How to specify the naming convention of log files?
aaronm137 opened this issue · 1 comments
Hello,
in my Scrapy spider, I specify the name of the log file as follows:
custom_settings = {
'LOG_FILE': f'{datetime.fromtimestamp(time.time()).strftime("%Y-%m-%d_%H%M%S")}_{project_name}.log,
'LOG_LEVEL': 'INFO'
}
so the name of the log file looks like this: 2024-05-23_103249_my-cool-spider.log
. This works perfectly on localhost.
When I deploy it to production where Scrapyd takes case of running spider jobs, the log files naming convention specified above is ignored and instead of that is used Scrapyd's naming convention that looks like this: task_169_2024-06-14T13_55_48.log
.
Is there any way to change the naming convention, so Scrapyd would respect the format specified in the Scrapy spider?

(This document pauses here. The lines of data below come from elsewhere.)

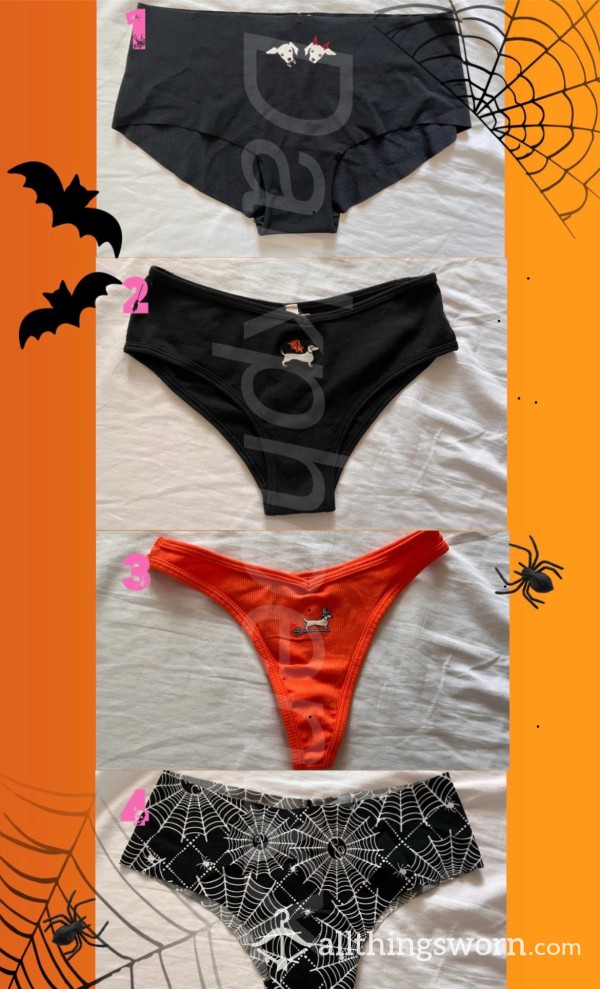 👻 Grab These Spooky Worn Panties Before They Disappear! 👻
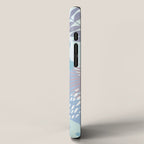 Tropical Boho Jungle Pattern 4 - Blue  iPhone Case Gallery Image 2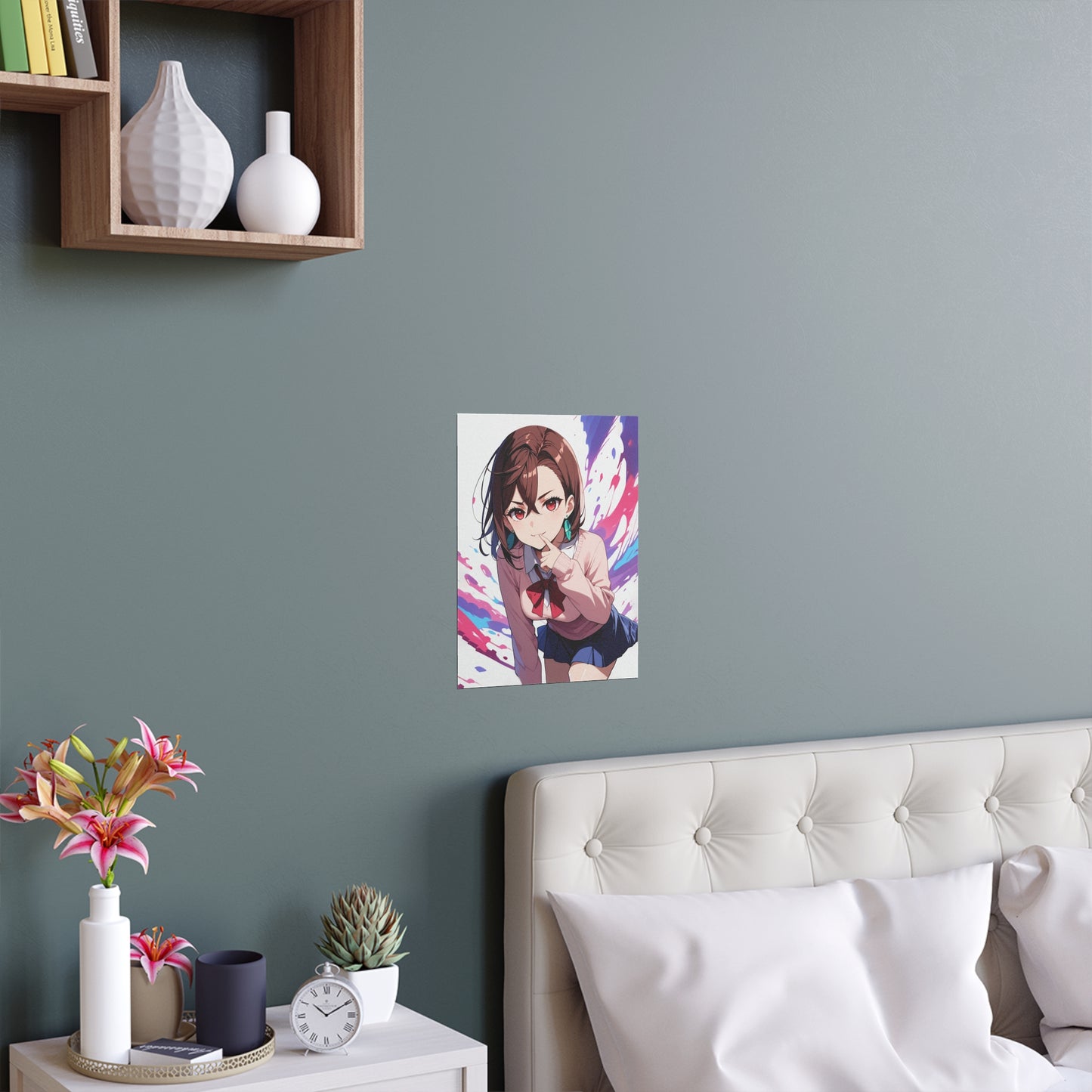 Momo Ayase - DanDaDan - Indoor and Outdoor Silk Posters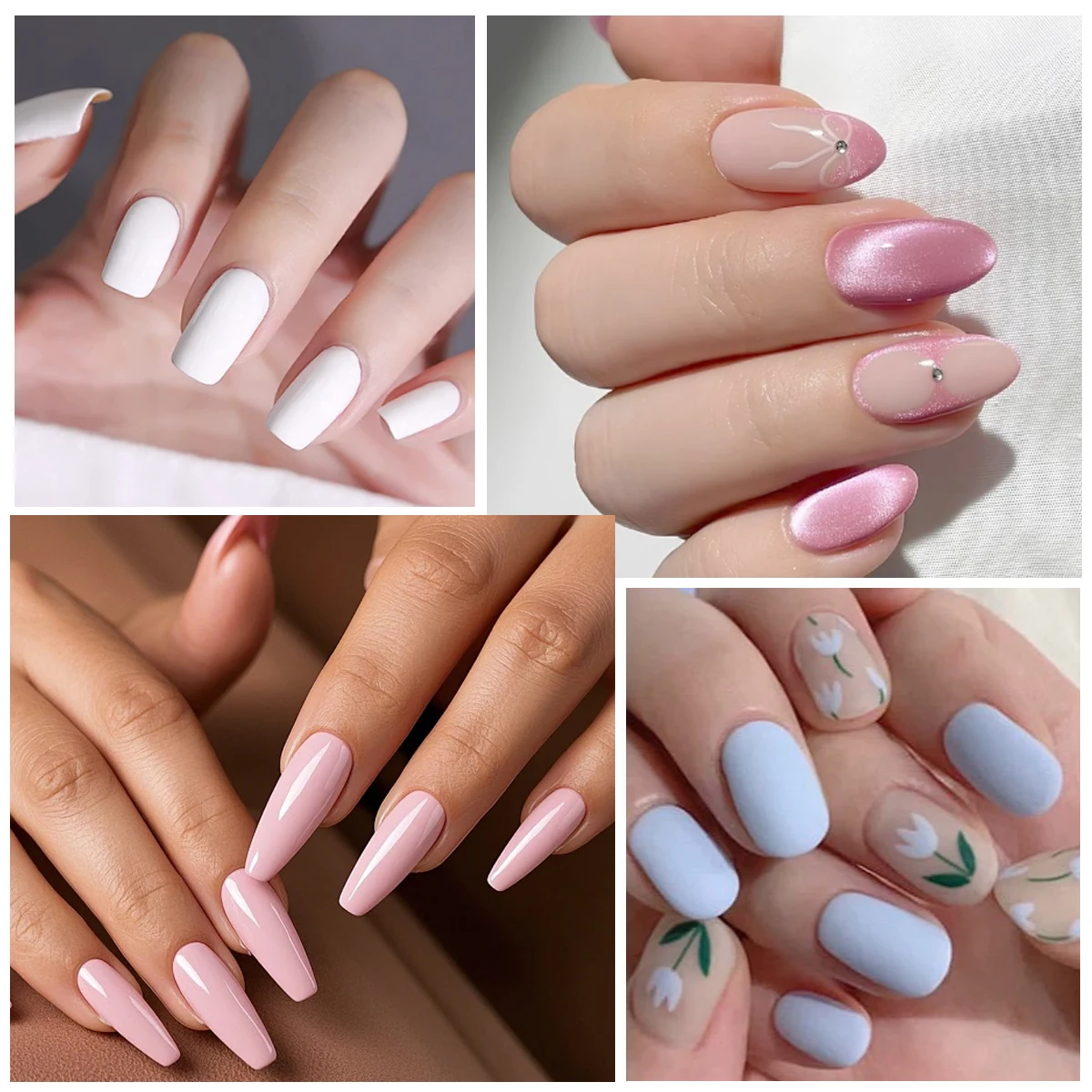 مجموعة طلاء أظافر ليزر جل حلزوني 6 قطع 0.24 أونصة - فن الأظافر، خالي من الكحول، بريق متعدد الألوان، العناية باليدين بجودة صالونات التجميل، مثالي #6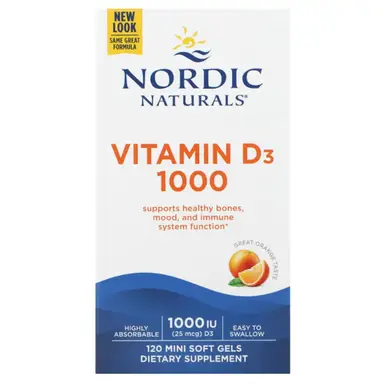 Nordic Naturals Vitamin D3 Bone Immune 1000 IU Orange - 120 Softgels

In https://github.com/scrapy/scrapyd/blob/master/scrapyd/environ.py, if logs_dir
is set in Scrapyd's configuration file, then Scrapy's LOG_FILE setting is overridden. The pattern is {logs_dir value}/{Scrapyd project name}/{Scrapy spider name}/{job ID}.log
In https://github.com/scrapy/scrapyd/blob/master/scrapyd/webservice.py, the job ID defaults to a uuid.uuid().hex
, but you can provide your own jobid
when scheduling the job. See https://scrapyd.readthedocs.io/en/latest/api.html#schedule-json
So, if you only want to configure the filename, set the job ID when scheduling. task_169_2024-06-14T13_55_48.log
is already not a UUID, so you (or some software you're using) must already be setting the jobid
(or, perhaps you haven't set logs_dir
and it is using the non-overridden LOG_FILE setting).